Document: spc-doc_PL 00057-1027 change

SUMMARY OF PRODUCT CHARACTERISTICS

1 NAME OF THE MEDICINAL PRODUCT

Prostin E2 Sterile Solution 10mg/ml.

2 QUALITATIVE AND QUANTITATIVE COMPOSITION

Each ml contains 10mg dinoprostone.

3 PHARMACEUTICAL FORM

Colourless, sterile solution, which after appropriate dilution is intended for intravenous administration to human beings.

4 CLINICAL PARTICULARS

4.1 Therapeutic indications

Oxytocic agent. Therapeutic termination of pregnancy, missed abortion and hydatidiform mole by the intravenous route.

4.2 Posology and method of administration

Adults: Ampoule contents must be diluted before use and full instructions on method of dilution and dosage are given on the package insert which should be consulted prior to initiation of therapy. The following is a guide to dosage:

Dilute with normal saline or 5 % dextrose according to the package insert to produce a 5 micrograms/ml solution. The 5 micrograms/ml solution is infused at 2.5 micrograms/minute for 30 minutes and then maintained or increased to 5 micrograms/minute. The rate should be maintained for at least 4 hours before increasing further.

Elderly: Not applicable

Children: Not applicable.

4.3 Contraindications

Prostin E2 Sterile solution should not be used where the patient is sensitive to prostaglandins.

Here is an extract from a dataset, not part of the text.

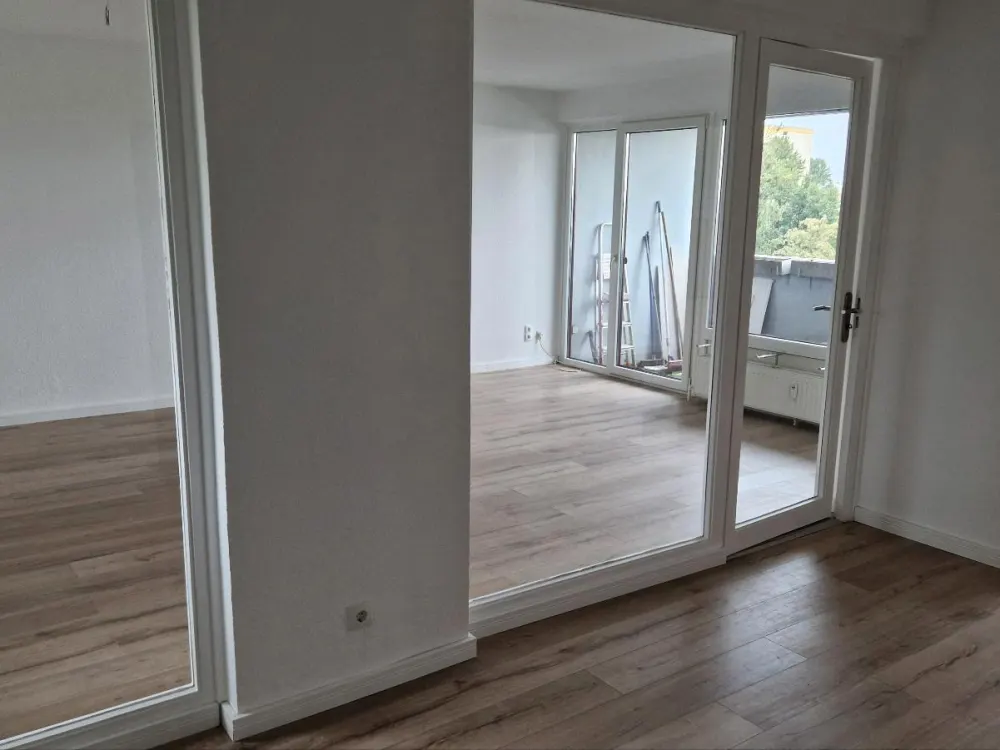 2 Zimmer Wohnung ca 70 m²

Prostin E2 sterile solution 10mg/ml is not recommended in the following circumstances:

1    For patients in whom oxytocic drugs are generally contraindicated or where prolonged contractions of the uterus are considered inappropriate such as: Cases with a history of caesarean section or major uterine surgery.

Cases where there is evidence of a potential for obstructed labour.

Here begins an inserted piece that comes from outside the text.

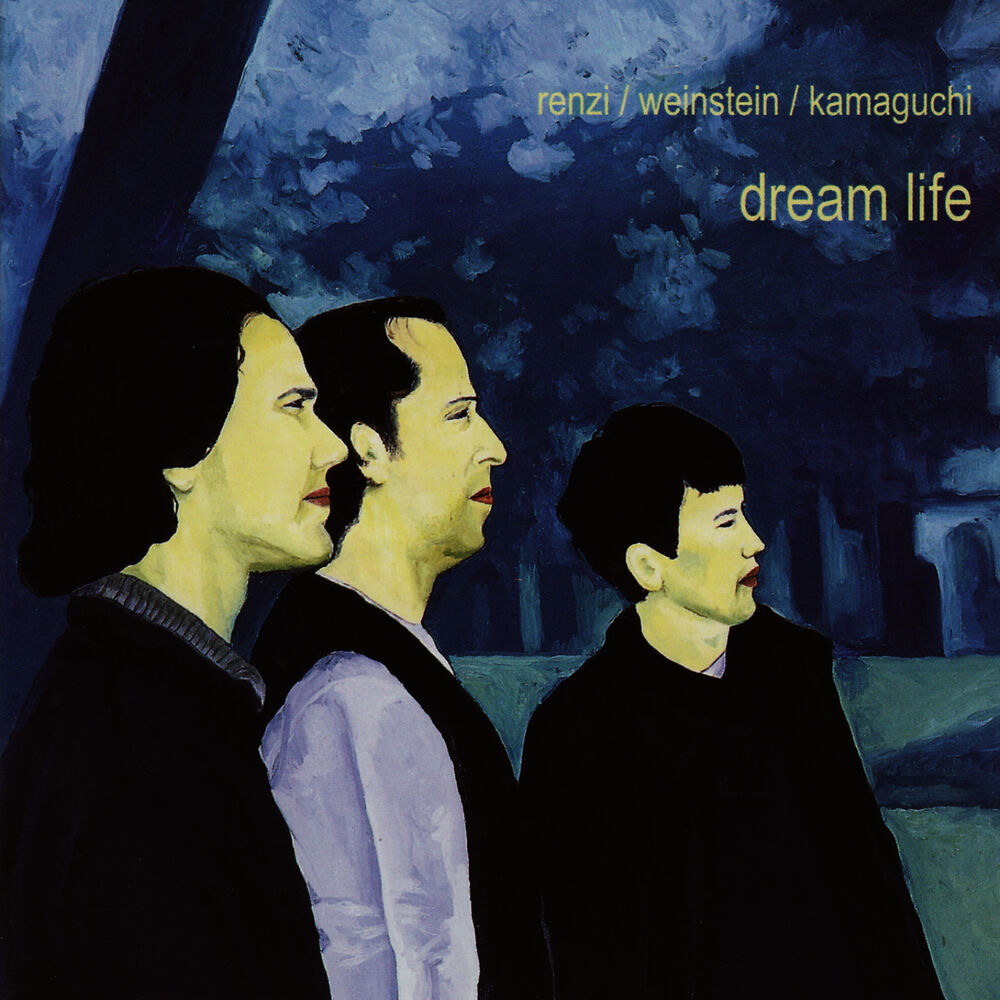 Picture of Dream Life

2    Patients with a past history of, or existing, pelvic inflammatory disease, unless adequate prior treatment has been instituted.

3    Patients with active cardiac, pulmonary, renal or hepatic disease.

4.4 Special warnings and precautions for use

This product is only available to hospitals and clinics with specialised obstetric units and should only be used where 24-hour resident medical cover is provided_


Use caution in handling this product to prevent contact with skin. Wash hands thoroughly with soap and water after administration.

It is advised that Prostin E2 Sterile Solution should not be administered by the intramyometrial route since there have been reports of a possible association between this route of administration and cardiac arrest in severely ill patients.

Caution should be exercised in the administration of Prostin E2 Sterile Solution in patients with:

(i)    asthma or a history of asthma;

(ii)    epilepsy or a history of epilepsy;

(iii)    glaucoma or raised intra-ocular pressure;

(iv)    compromised cardiovascular, hepatic,    or renal function;

(v)    hypertension.

As with any oxytocic agent, Prostin E2 Sterile Solution should be used with caution in patients with compromised (scarred) uteri.

Animal studies lasting several weeks at high doses have shown that prostaglandins of the E and F series can induce proliferation of bone. Such effects have also been noted in newborn infants who received prostaglandin E1 during prolonged treatment. There is no evidence that short-term administration of prostaglandin E2 can cause similar bone effects.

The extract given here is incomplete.